══ Material provided
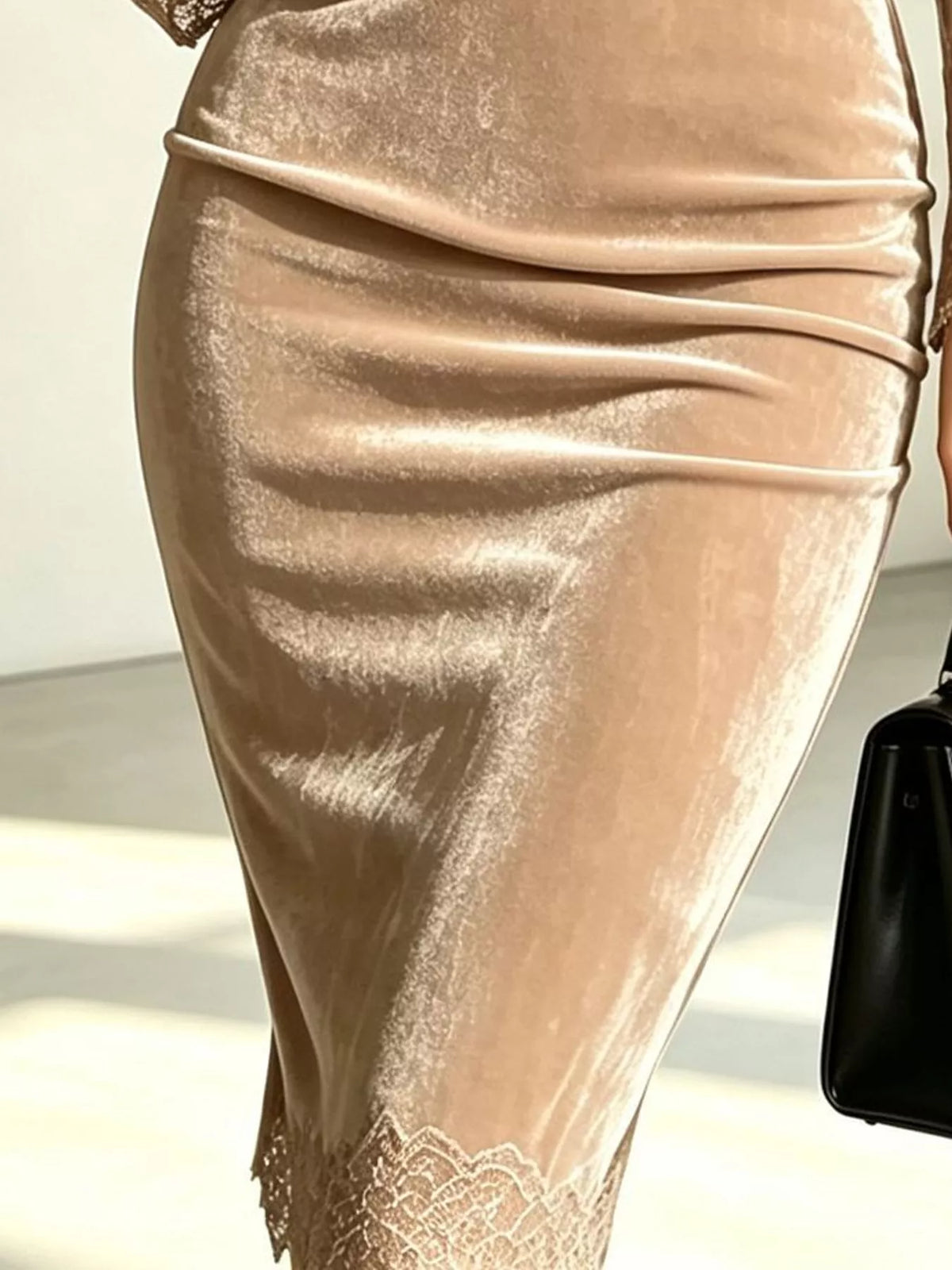 Long-Sleeve Velvet Lace Bodycon Dress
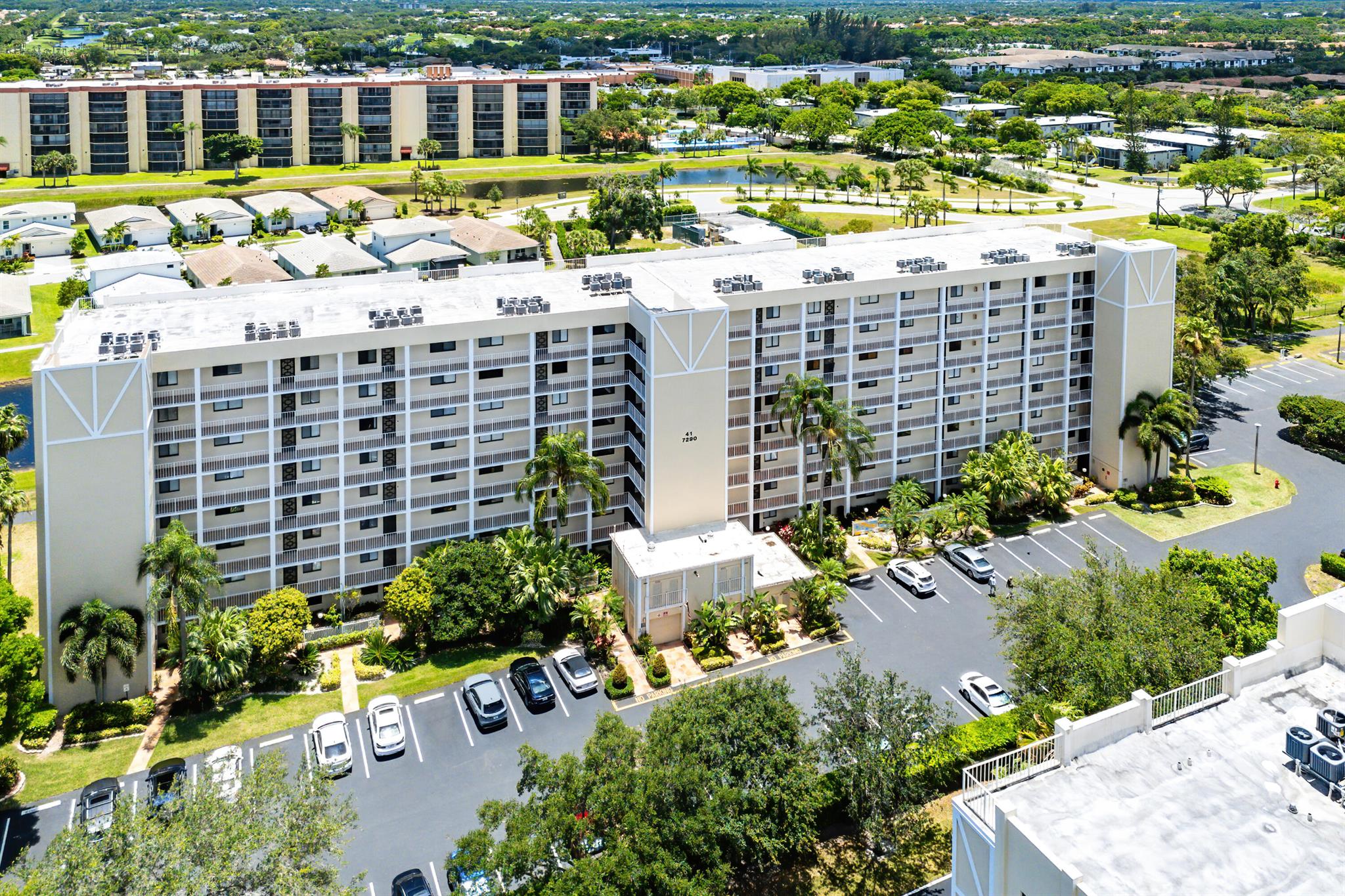 7290 Kinghurst Dr #607 Delray Beach, FL 33446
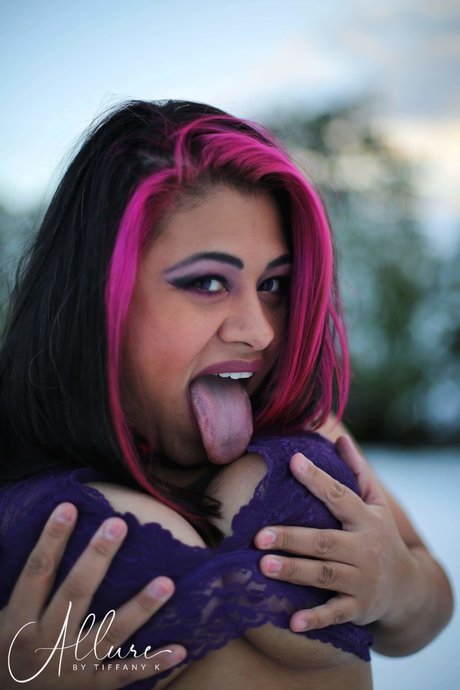 Curvy and fun_ sexy pornstar photo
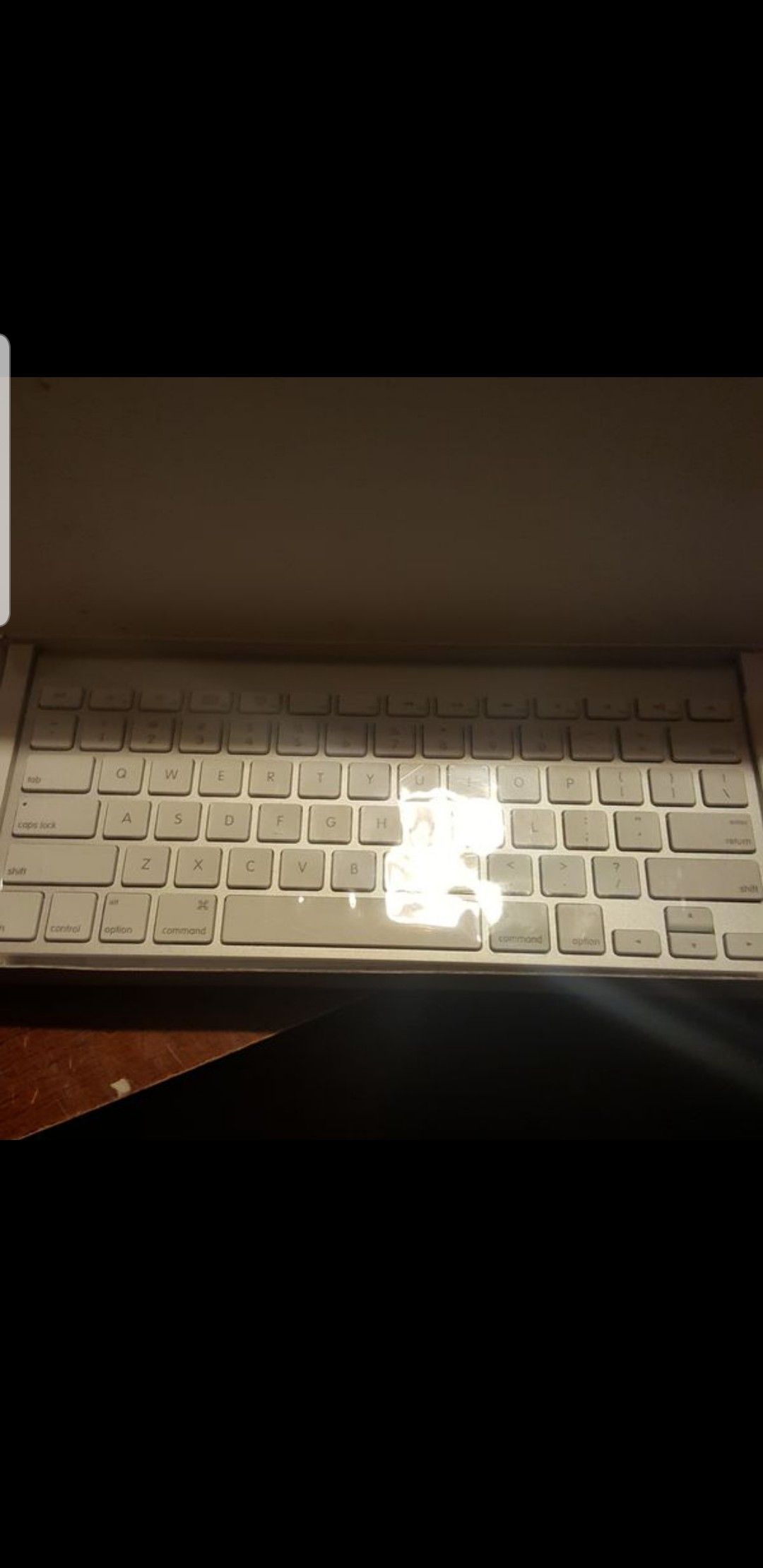 Apple wireless keyboard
════
=== Your assignment ===
Only the lines from the one containing "Curvy and fun_ sexy pornstar photo" through the last line of the data above, both included, belong in the reply, each restated exactly and without pictures.

=== Solved problem ===
 Curvy and fun_ sexy pornstar photo
 Apple wireless keyboard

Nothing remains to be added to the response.